:: Exercise materials
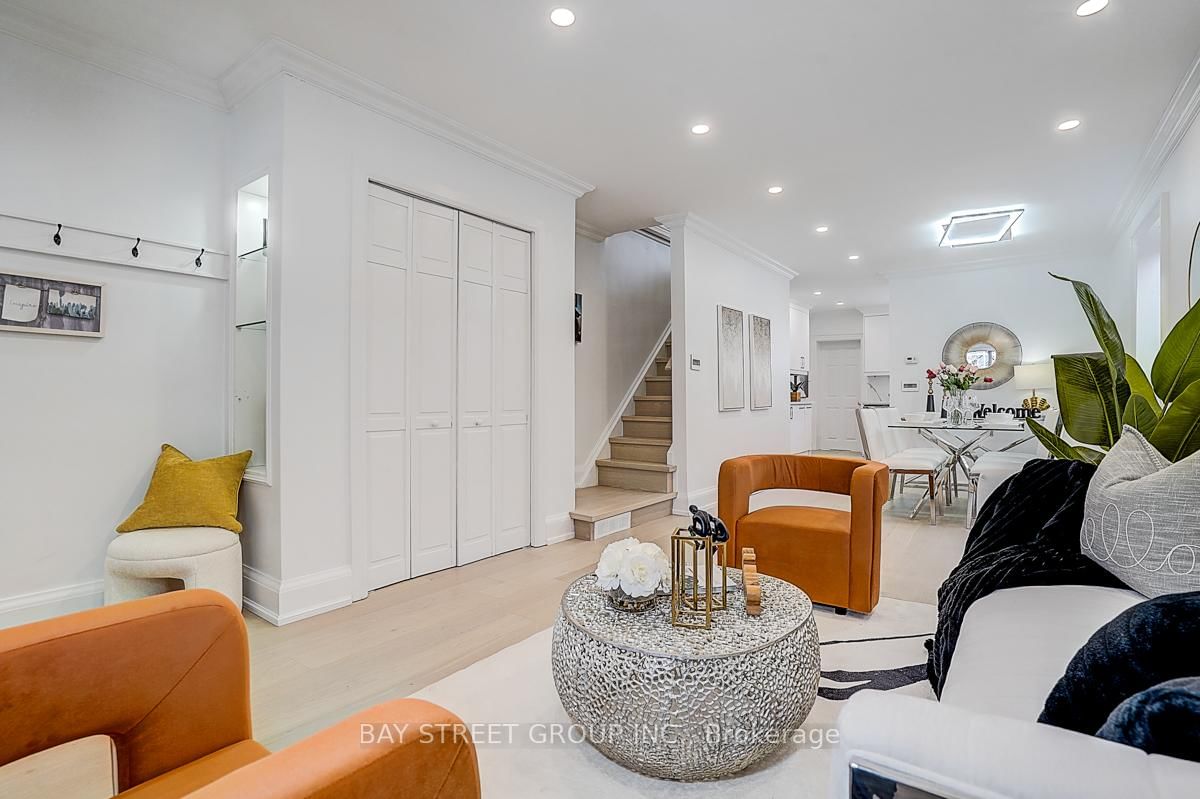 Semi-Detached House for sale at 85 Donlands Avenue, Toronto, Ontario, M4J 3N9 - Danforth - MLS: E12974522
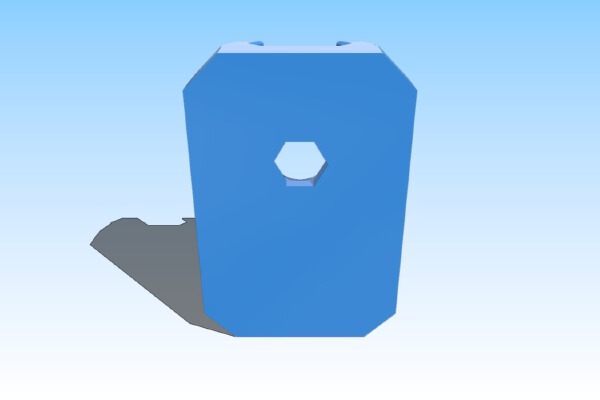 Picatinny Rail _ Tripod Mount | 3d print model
::::
:: Exercise materials
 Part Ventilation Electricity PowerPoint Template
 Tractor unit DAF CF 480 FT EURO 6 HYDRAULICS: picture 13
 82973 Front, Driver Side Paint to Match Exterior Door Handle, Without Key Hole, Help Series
::::
:: Exercise materials
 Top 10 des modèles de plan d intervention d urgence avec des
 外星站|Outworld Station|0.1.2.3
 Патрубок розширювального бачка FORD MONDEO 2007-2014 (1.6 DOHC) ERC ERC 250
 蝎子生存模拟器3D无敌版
::::
▶ _Task description_
Take the lines above starting at the one containing "Semi-Detached House for" and ending at the one containing "Picatinny Rail _", and print them again exactly, without pictures.

▶ _Solution to the exercise_
 Semi-Detached House for sale at 85 Donlands Avenue, Toronto, Ontario, M4J 3N9 - Danforth - MLS: E12974522
 Picatinny Rail _ Tripod Mount | 3d print model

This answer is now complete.